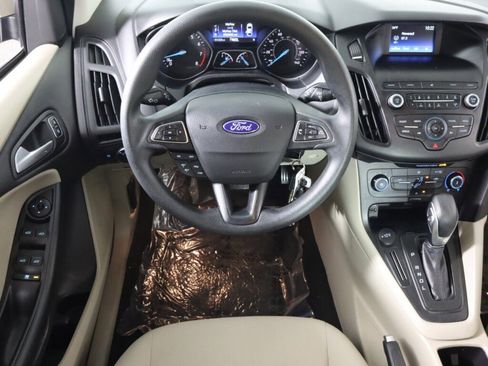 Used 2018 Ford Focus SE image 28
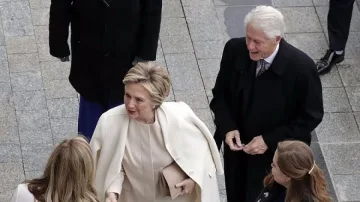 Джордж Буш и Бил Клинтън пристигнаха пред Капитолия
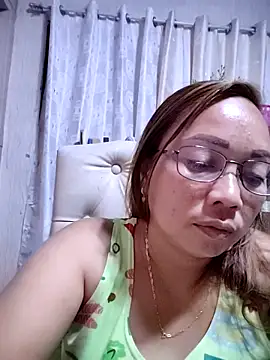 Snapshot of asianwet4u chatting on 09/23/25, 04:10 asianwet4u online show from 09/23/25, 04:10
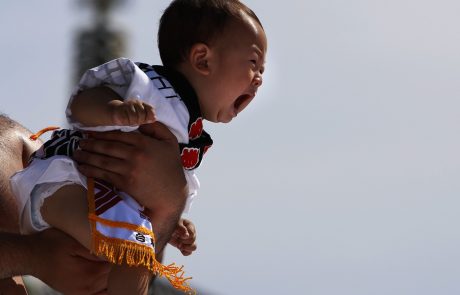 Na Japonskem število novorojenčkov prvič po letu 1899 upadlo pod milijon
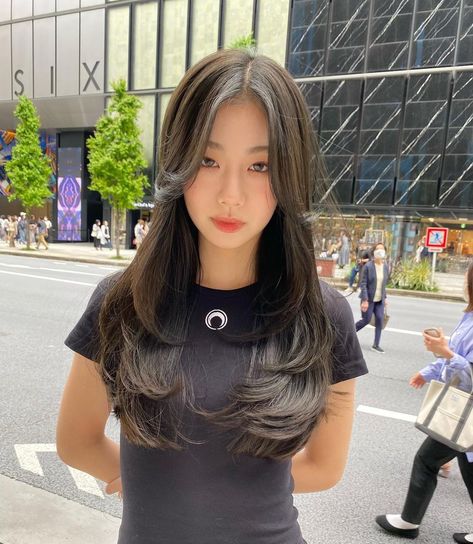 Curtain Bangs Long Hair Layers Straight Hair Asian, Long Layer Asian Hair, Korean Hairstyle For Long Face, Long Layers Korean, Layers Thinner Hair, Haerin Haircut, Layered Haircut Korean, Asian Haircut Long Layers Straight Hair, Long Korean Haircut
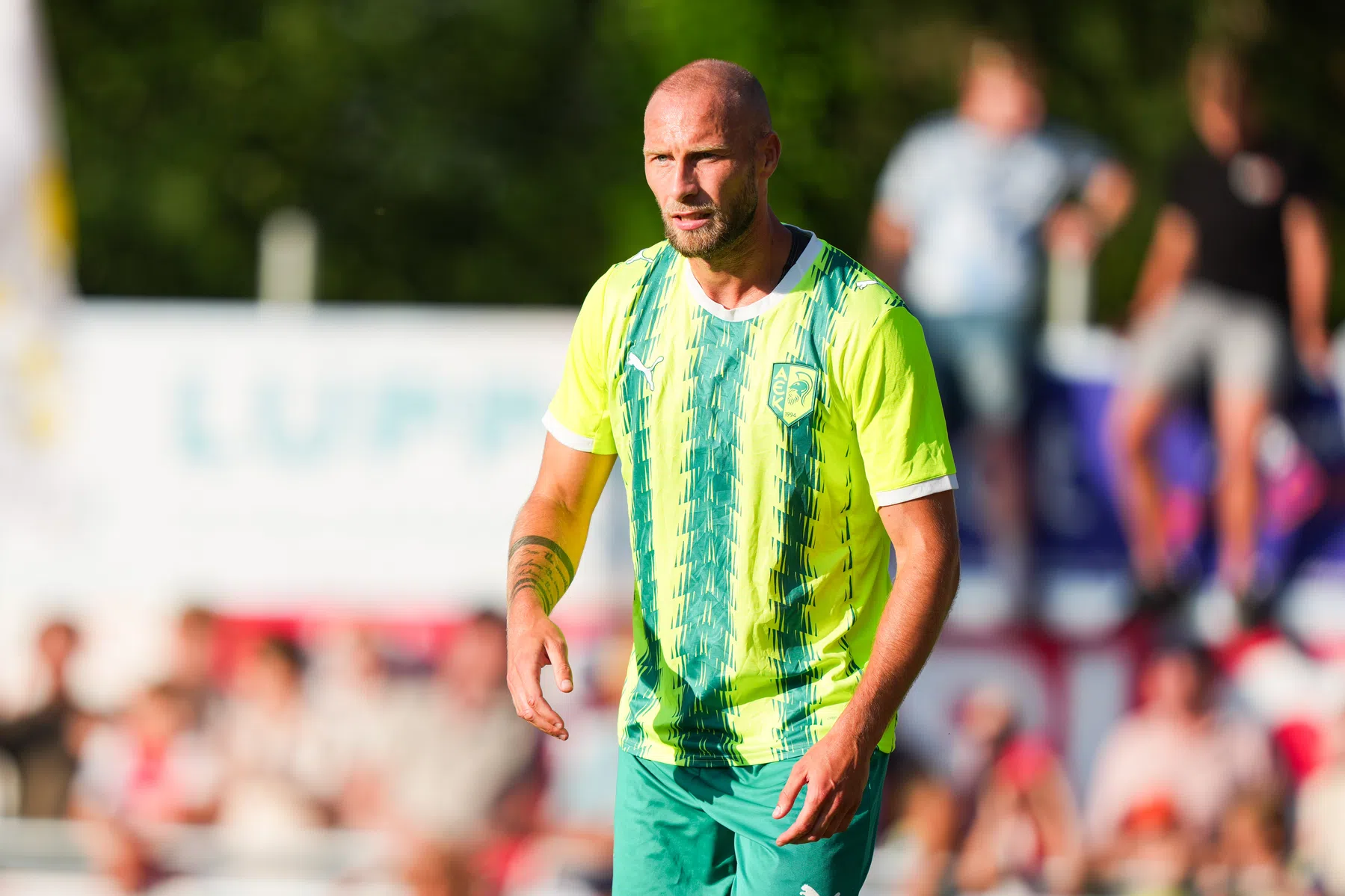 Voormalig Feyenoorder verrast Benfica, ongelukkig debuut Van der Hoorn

——————————

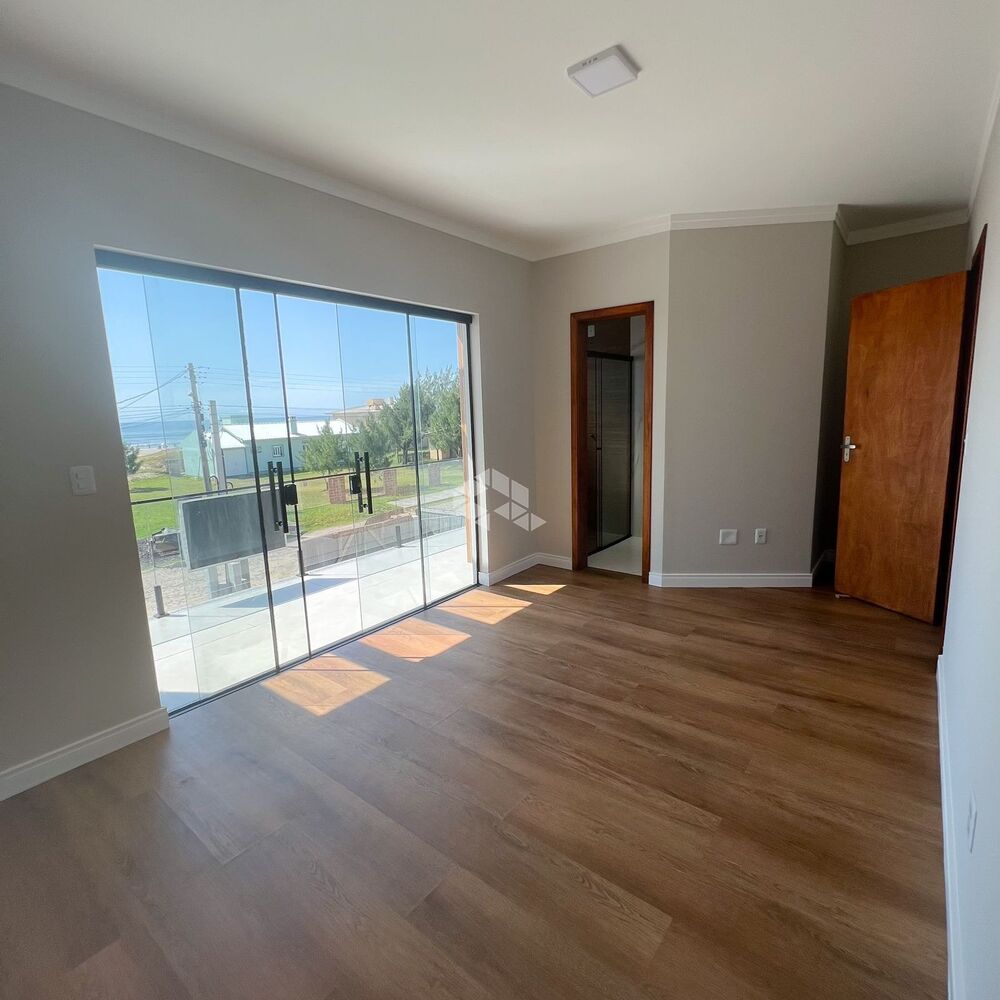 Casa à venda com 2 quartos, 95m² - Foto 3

——————————

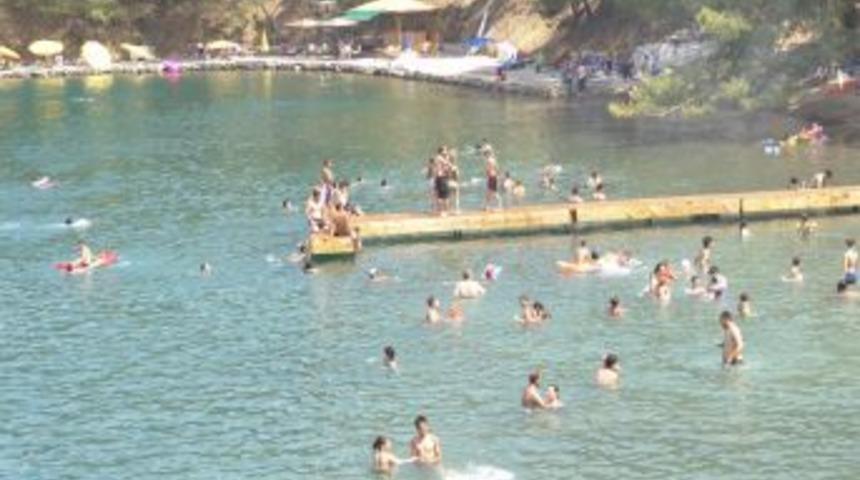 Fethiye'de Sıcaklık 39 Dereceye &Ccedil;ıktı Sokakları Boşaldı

——————————

[WHAT YOU SHOULD DO]
Among the entries above, copy exactly the stretch from the line holding "Used 2018 Ford Focus SE image 28" through the line holding "Voormalig Feyenoorder verrast", leaving out any pictures.

[ANSWER FOR THE TASK]
 Used 2018 Ford Focus SE image 28
 Джордж Буш и Бил Клинтън пристигнаха пред Капитолия
 Snapshot of asianwet4u chatting on 09/23/25, 04:10 asianwet4u online show from 09/23/25, 04:10
 Na Japonskem število novorojenčkov prvič po letu 1899 upadlo pod milijon
 Curtain Bangs Long Hair Layers Straight Hair Asian, Long Layer Asian Hair, Korean Hairstyle For Long Face, Long Layers Korean, Layers Thinner Hair, Haerin Haircut, Layered Haircut Korean, Asian Haircut Long Layers Straight Hair, Long Korean Haircut
 Voormalig Feyenoorder verrast Benfica, ongelukkig debuut Van der Hoorn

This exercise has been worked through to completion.